━━ DATA TO EXAMINE ━━

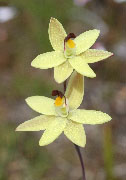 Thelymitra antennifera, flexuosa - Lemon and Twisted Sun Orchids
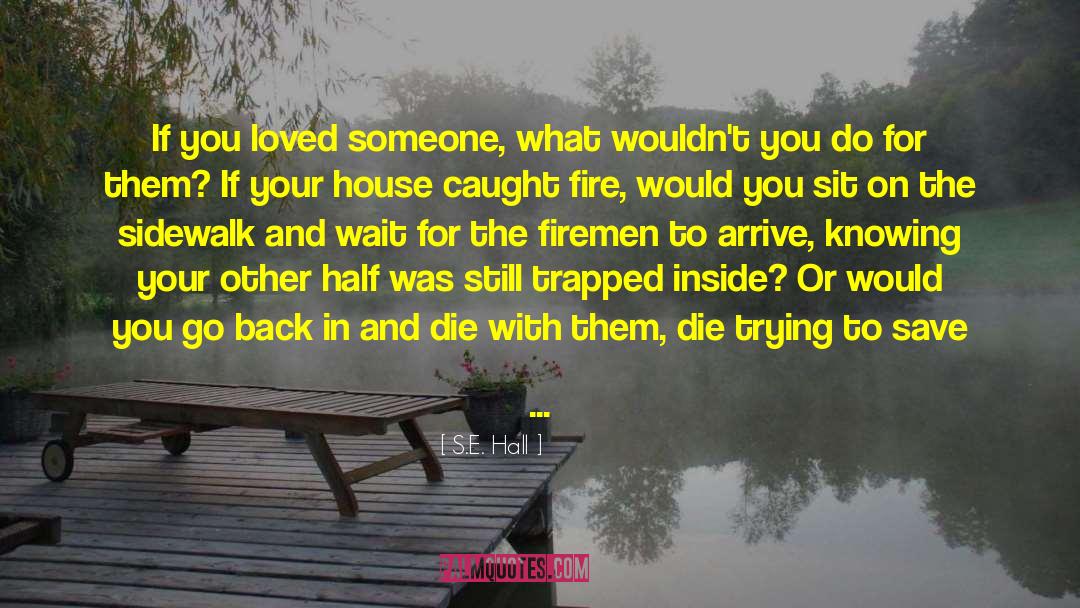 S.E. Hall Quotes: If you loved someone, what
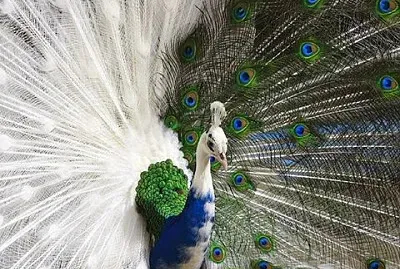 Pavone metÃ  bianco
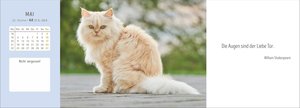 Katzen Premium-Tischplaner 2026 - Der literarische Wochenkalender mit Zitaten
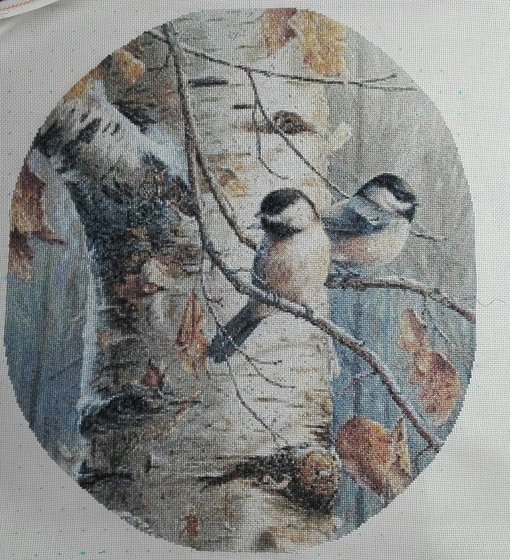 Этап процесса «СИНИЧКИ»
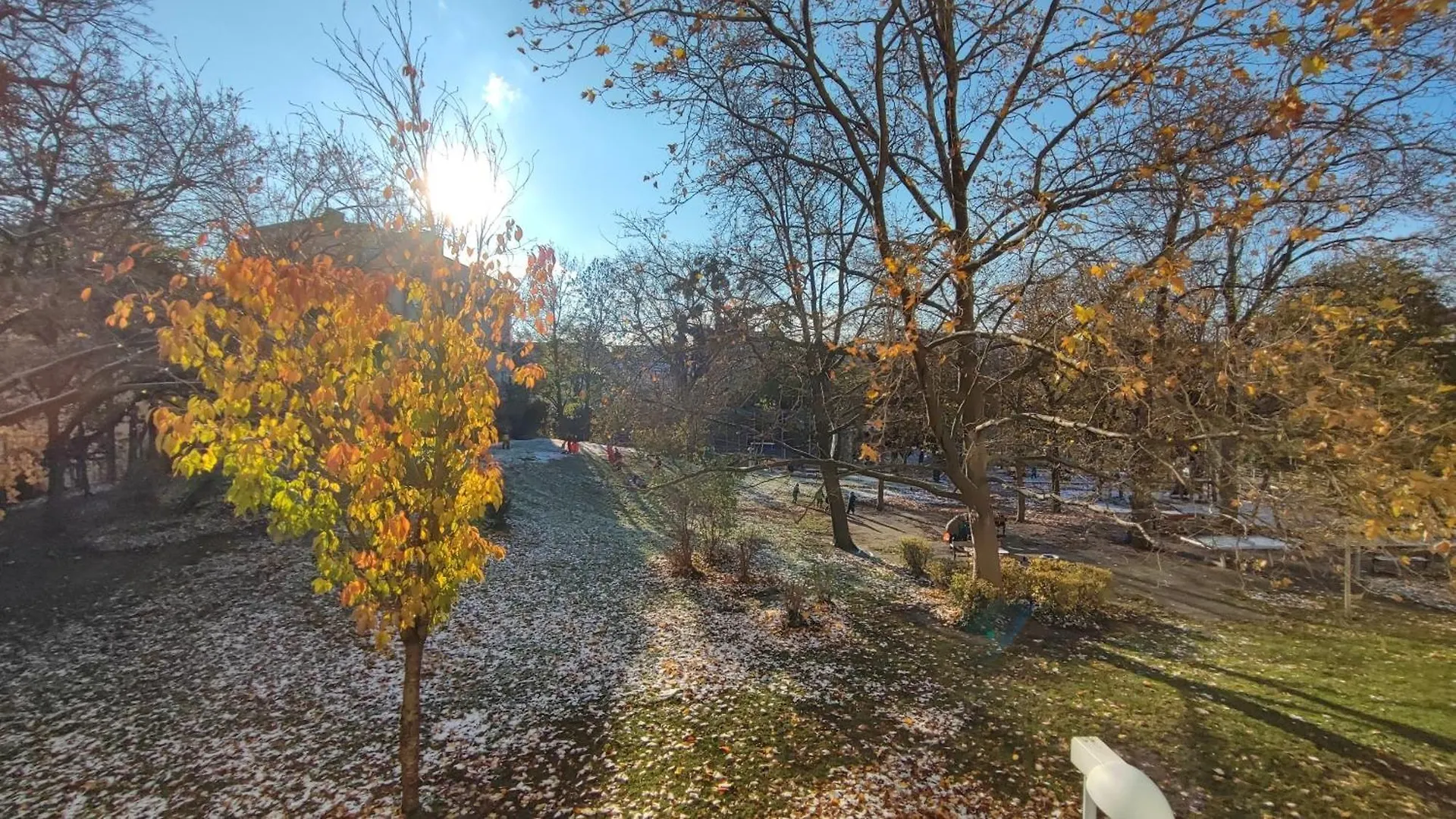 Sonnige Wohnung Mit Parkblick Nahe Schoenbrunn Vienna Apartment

━━━

*WORK TO COMPLETE*: The result should be a word-for-word restatement of all the data, without images.

*REPLY TO THE EXERCISE*:
 Thelymitra antennifera, flexuosa - Lemon and Twisted Sun Orchids
 S.E. Hall Quotes: If you loved someone, what
 Pavone metÃ  bianco
 Katzen Premium-Tischplaner 2026 - Der literarische Wochenkalender mit Zitaten
 Этап процесса «СИНИЧКИ»
 Sonnige Wohnung Mit Parkblick Nahe Schoenbrunn Vienna Apartment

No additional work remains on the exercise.